Wednesday, August 18, 2010


Tomorrow was a big day. It wasn't just the first day of school. It was the first day at a new school. Everything in my closet had already been in and out at least three times to be paired with at least three other things. Normally, I was not indecisive about these sorts of things, but this was the first day. First impressions are critical. This first impression might be the biggest of my life. We moved here a year ago, and I hadn't particularly bonded with any of the kids I went to elementary school with last year. I was pretty good friends with the girl down the street, so I felt good about having one friend. This was junior high, and there were going to be a lot of kids at this school. I didn't know how many exactly, but kids from several elementary schools were going to be coming here. And there would be 8th and 9th graders, too. It was a lot of pressure. I finally decided on the shirt that buttoned at the collar with blue flowers. It had some yellow in it, so I paired it with my yellow skirt. Normally, I am not much for skirts and dresses, but this was the first day. I felt my stomach muscles unclench a bit now that the choice was made.

The next morning, I walked down the street to pick up my friend, and we cut over to pick up another girl, and we all walked to school. It was a lot of nervous talking. No one knew what to expect. When we got there, I was shocked. It was chaos. There were people everywhere. The halls were filled with kids. The school was three stories, and there was still no room to move. As that fact took root, something even darker became apparent very quickly. There was nothing in my closet that would have been "right" for all of the people confidently taking up space in the hallway. Did they carry hundred dollar bills in their purses and wallets?

My goal became just to get through the day. I hung on to my schedule like a lifeline. Each time the bell rang, it was a nightmare. It was a wall of bodies coming toward me. Terrifying. Reflexively, I held my breath, closed my eyes, and held my books to my chest, preparing to be trampled. When that didn't happen, I opened them realizing that they walked around me. I slowly let it out. Knowing that would not stop this reflex from happening in the future. As I moved from class to locker and back, I heard things and the pieces fell into place about this place. All of the kids who lived within walking distance of this school, like me, were from lower middle class-middle class families. The other kids were from the hill and they came in on buses. They were from upper middle class-rich families. In fact, they were from the wealthiest families in the entire town.

Standing outside Health class, waiting for the teacher to arrive, one of these kids from the hill started to talk to me. She wasn't like the rest of them. She was obviously one of them, but she was nice. Her name was Jennifer and she was my first "Instant Connect." We became best friends. Not that day, but just about. She didn't fit in with them, either. In our own ways, we were both navigating these shark infested waters completely on our own. No one had our backs. In my case, I didn't grow up with my fellow grade schoolers, and she grew up with the sharks. We didn't know it, but we started building a raft that day. In the future, other people would hop on. People from other elementary schools that we didn't yet know.
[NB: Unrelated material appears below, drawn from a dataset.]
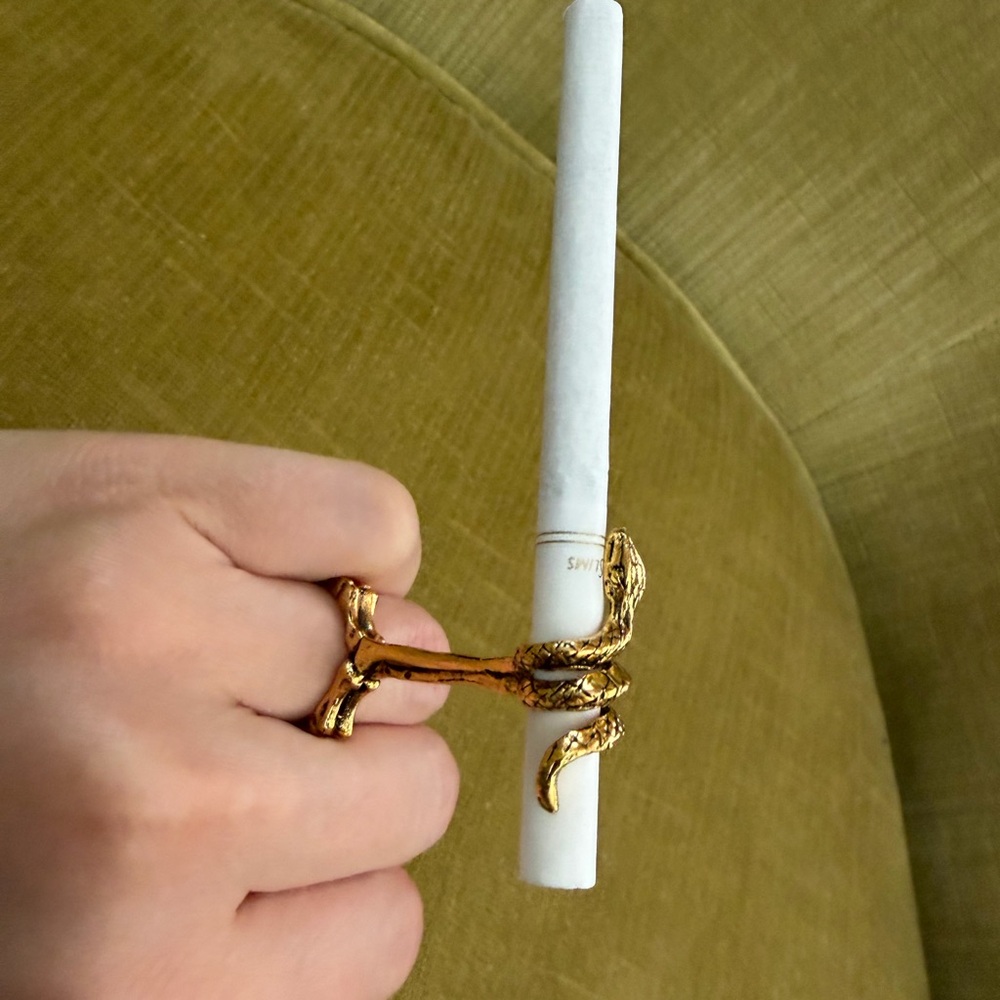 Gold Snake Ring Cigarette Holder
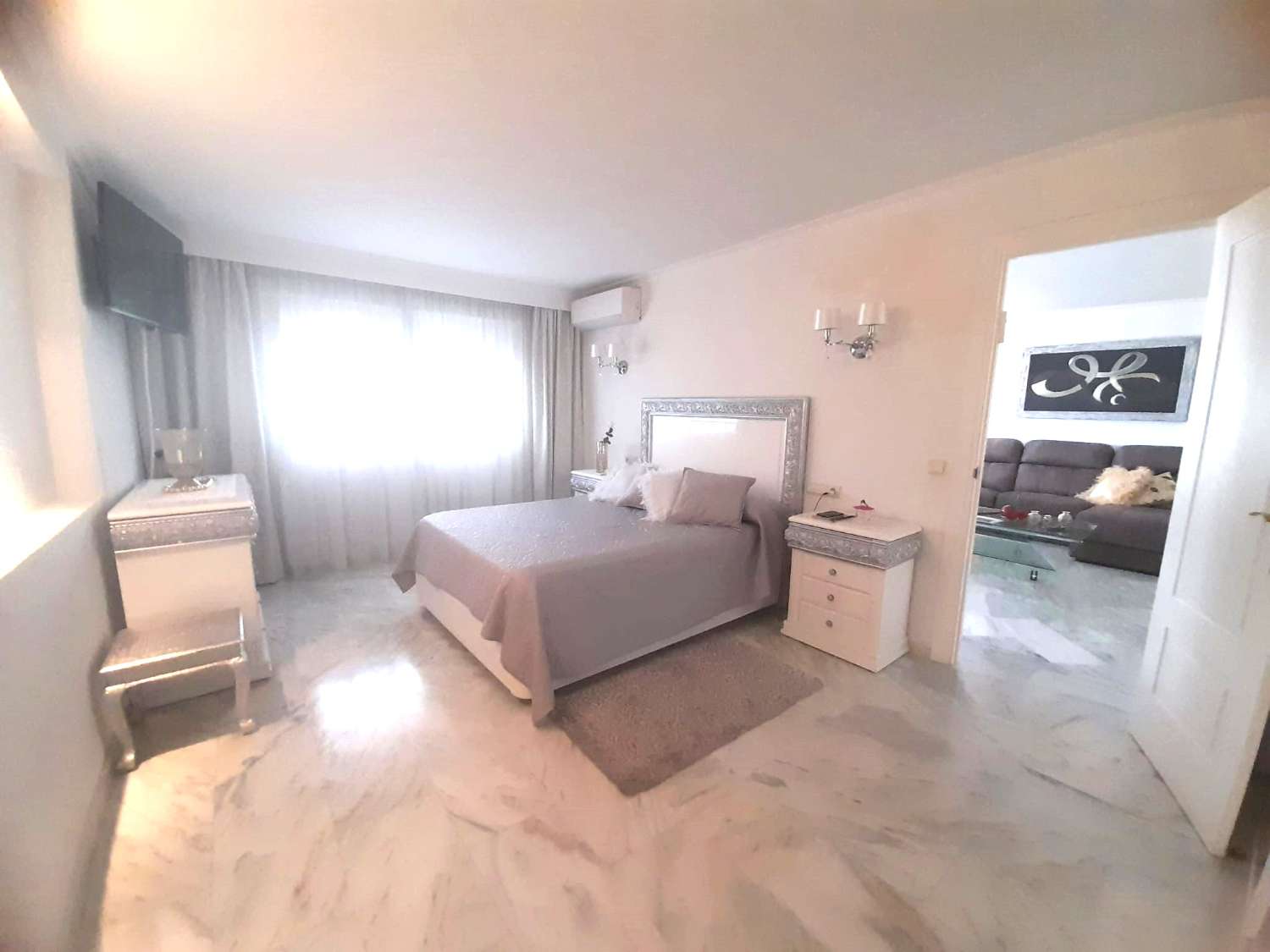 DEMI-SAISON.  A LOUER du 01.09.25-30.6.26 Bel appartement avec vue sur la mer SUR LA PLAGE DE LA 1ÈRE LIGNE À BENALMADENA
There was blood in the water all of the time. Sometimes ours.

I mistakenly thought that first day that it was safe if you were in class. Only at lunch and in the halls were you really in danger. It is thinking like that, that can cause some serious injury.

Everyone had Music class. I thought I would like it. The teacher was really cute. First impressions. I sat down with eagerness. I opened my notebook anticipating finding out what this class was going to be about. A broad outline of what we were going to cover this year. This semester. This month. Whatever. The teacher started off calling the roll. Not surprising. Once the person raised their hand, he looked them up and down, and then provided commentary on their appearance. I felt the blood drain out of my face. Could this really be happening? Yes. On and on it went. Each time everyone laughed. Of course, the rich kids got the nicer comments, because their was less to nitpick with them. Less to find wrong. Less ways to make them feel badly about themselves. I was at the end of the alphabet. I started praying fervently that the bell would ring before he got to me. That didn't happen. I braced myself for it. "Living example of a JC Penney Back To School Sale." I smiled as big as I could. Everyone laughed the required laugh. Some people laughed the for real kind. Some people thought he was hilarious. Mostly the rich kids who liked to see everyone's self-esteem blown to hell. It was fun to watch a teacher do it for a change. It validated all of the bullying they did.
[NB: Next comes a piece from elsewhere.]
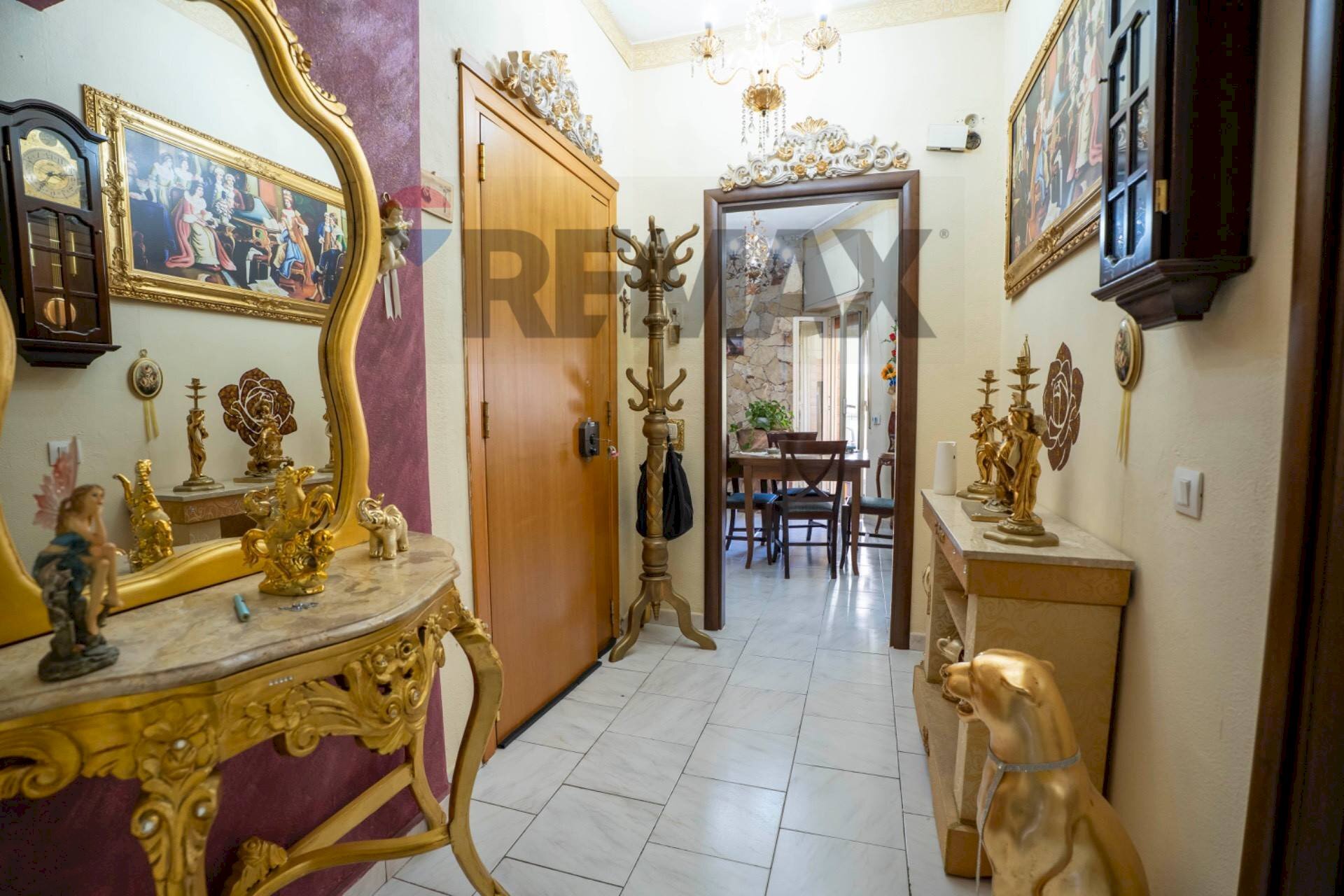 Hall / corridoio - Three-room apartment Via Curtatone E Montanara/Via Sardegna
 
1/10, Catania - photo 3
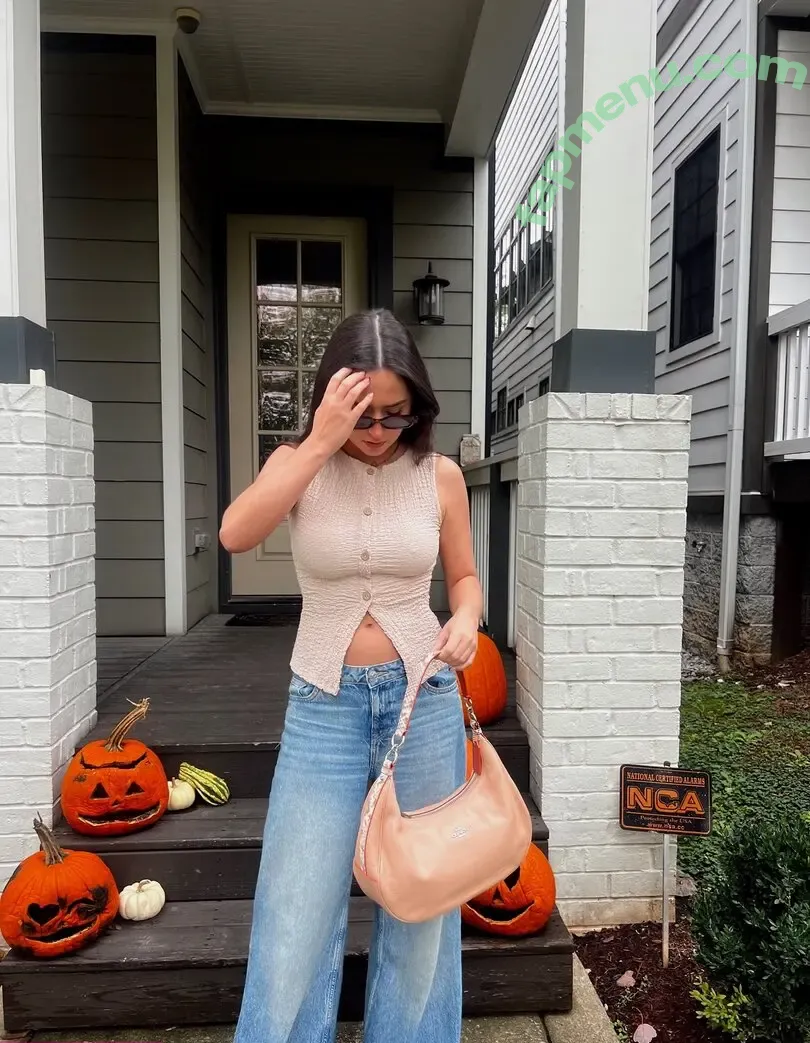 Anna Paige Lambert nude photo #0021 (annapaigelambert)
Never was I more ready for a day to be over. As I walked out the doors and looked up at the engraved stone over the entrance announcing to the world that this was WOODROW WILSON JUNIOR HIGH SCHOOL, I thought that they really should rename the place. WELCOME TO HELL was my first choice and much more appropriate.


  1. wow, that's nuts. What kind of teacher does that?
    I don't even know to say about that.
    Glad you made it through. He should have been fired. lucky you weren't my kid. I would have ripped that dude a new one.

  2. I wish I could go back to some of my teachers also and rip them to shreds.

    What a wonderful description of your feelings! I find it amazing how some of the strongest and attractive women I know had hard times at high school. You're one of them!

  3. Not to put too fine a point on it, but this was junior high school. High school was actually sooo much better. Junior high school was miserable.

  4. Ah, I love reading about American high-schools. Honestly, I've always regreted that high schools in Poland are NOTHING like this. Because as much as you can describe it as Welcome to Hell place, in my country it's worse. My first day in high school was terrible, too. Our principal told as: "well, kids, brace yourselves because these are going to be the worst four years of your lives". And on our last day in high school we all talked about what she had said and we, of course, came to the conclusion that she was 100% right. Worst 4 years ever. However, as the time passes by, it's all becoming prettier, memories are just like this, you forget the bad things easier and the good things become brighter, better and so on. All in all, my biggest tragedy was reading Harry Potter right when it came out, haha. I wish schools were like Hogwarts! :)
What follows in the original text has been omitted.